Despite these contributions, we recognize several limitations of our study that may also provide opportunities for future research. First, we solely used information of patients’ medication refill history from prescription claims to measure treatment discontinuation. As such it was not possible to track patients who discontinued refilling the buprenorphine prescriptions to switch to methadone or another type of treatment program for OUD. Second, while our sensitivity test for inclusion of a patient’s baseline clinical information from claims data did not show much predictive value for treatment discontinuation, the availability of more complete and reliable clinical data from patients’ electronic health record (EHR) may prove more valuable in the development of future models for predicting treatment discontinuation. Third, we acknowledge that income-stratification based on county may not be truly representative of patients’ actual socio-economic status as in some counties there exists considerable variation regarding family income. Moreover, because we did not have information about patients’ actual residence (i.e., county or zip code), we used prescribers’ county as a proxy. While, as noted, we found a very high match rate between patients’ and prescriber’s location based on county, this proxy will not always be accurate. Fourth, we also note that for patients who discontinued within the first three months following treatment initiation, there was overlap in the information used for determining PDC values and for discontinuation (i.e., two consecutive months without any refills). However, this applied only to approximately 20% of the total sample who discontinued within that time frame. Moreover, among those who did discontinue within that time frame, substantial variation existed for PDC values so that this feature still had predictive value for these patients. Specifically, the mean of the three-month PDC of those patients was 56% but the standard deviation was 35.6%. The remaining patients who did not discontinue within the first three months had a mean three-months PDC of 92.3% with a standard deviation of 20.7%.

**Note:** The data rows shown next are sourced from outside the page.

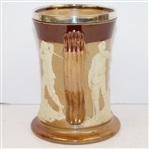 Silver Rimmed Doulton Lambeth Mug- Golfers Depicted - R. Wayne Perkins Collection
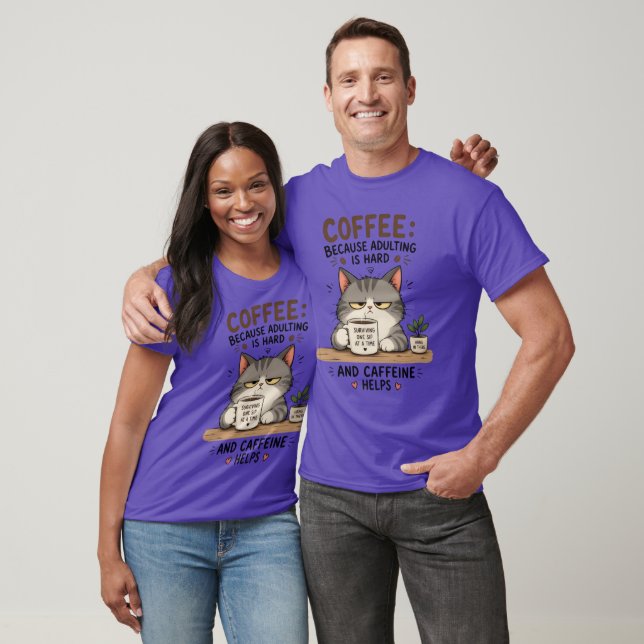 T-shirt Amoureux du café (Unisexe)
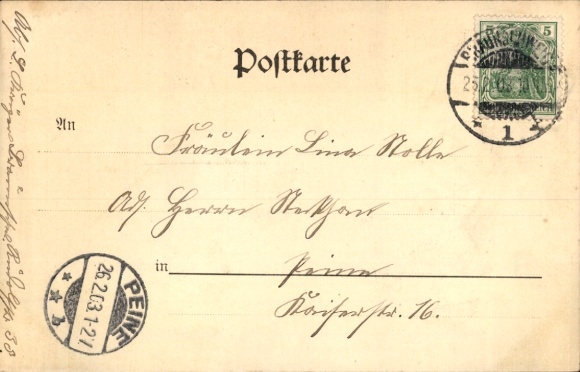 KP Braunschweig w Dolnej Saksonii, widok z mostu Petrithor, woda, drzewa, budynki
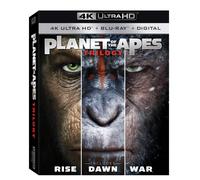 Planet of the Apes Trilogia 1-3 – Andy Serkis – 4K UHD Blu-ray
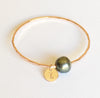 Bangle Chari - tahitian pearl (B142)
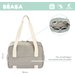 Torba do wózka Paris 16L Beaba - Pearl grey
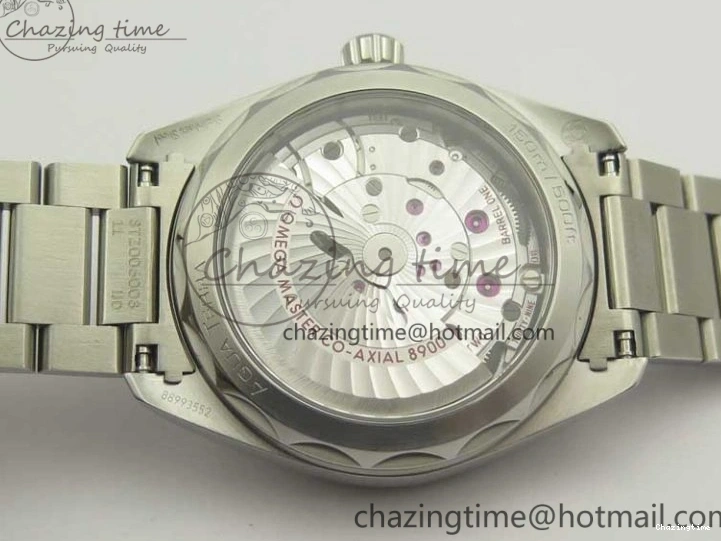 0223 Aqua Terra 150M Master Chronometers VSF 1:1 Best Edition Gray Dial Blue Hand on SS Bracelet A8900 Super Clone Trendsetting 8006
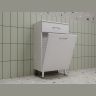 Комод Style Line Эко Стандарт ТН 50 АА00-000042 с бельевой корзиной Белый глянцевый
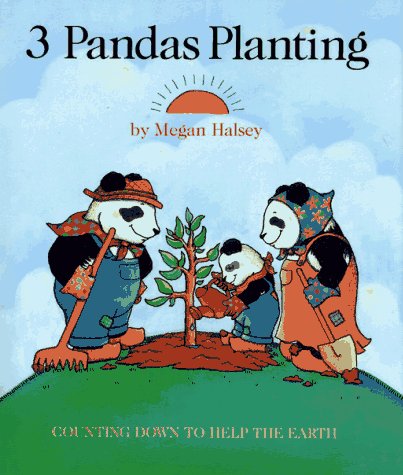 3 Pandas Planting: Counting Down To Help The Earth,Used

In conclusion, machine learning models can help predict which patients will be at higher risk of discontinuing treatment for OUD. For this prediction, medication adherence at the early treatment phase added valuable information to patient-level demographic and prescriber-level characteristics that are generally available at treatment initiation. Thus, our proposed machine learning framework can serve as an initial step to developing an automated decision support tool that can be implemented in different clinical settings. Performing such prediction for treatment discontinuation can potentially help prescribers develop personalized support systems to improve patients’ long-term retention in OUD treatment. Prescribers can design personalized interventions that account for pharmacologic aspects of the treatment (e.g., choice of medication, dosage and duration of the medication), psychosocial adjuncts (e.g., counselling, cognitive behavioral therapy), contingency management, care coordination supports (e.g., peer recovery coach and navigators), financial support (e.g., medication/program reimbursement), social services and/or logistic supports (e.g., housing, transportation, day care), and information technology (e.g., self-management apps) [49]. While not all of these interventions will be suitable for every patient at higher risk of treatment discontinuation, the decision rules proposed in our study can help prescribers anticipate the support systems that will best meet the patients’ need for successful retention in the treatment.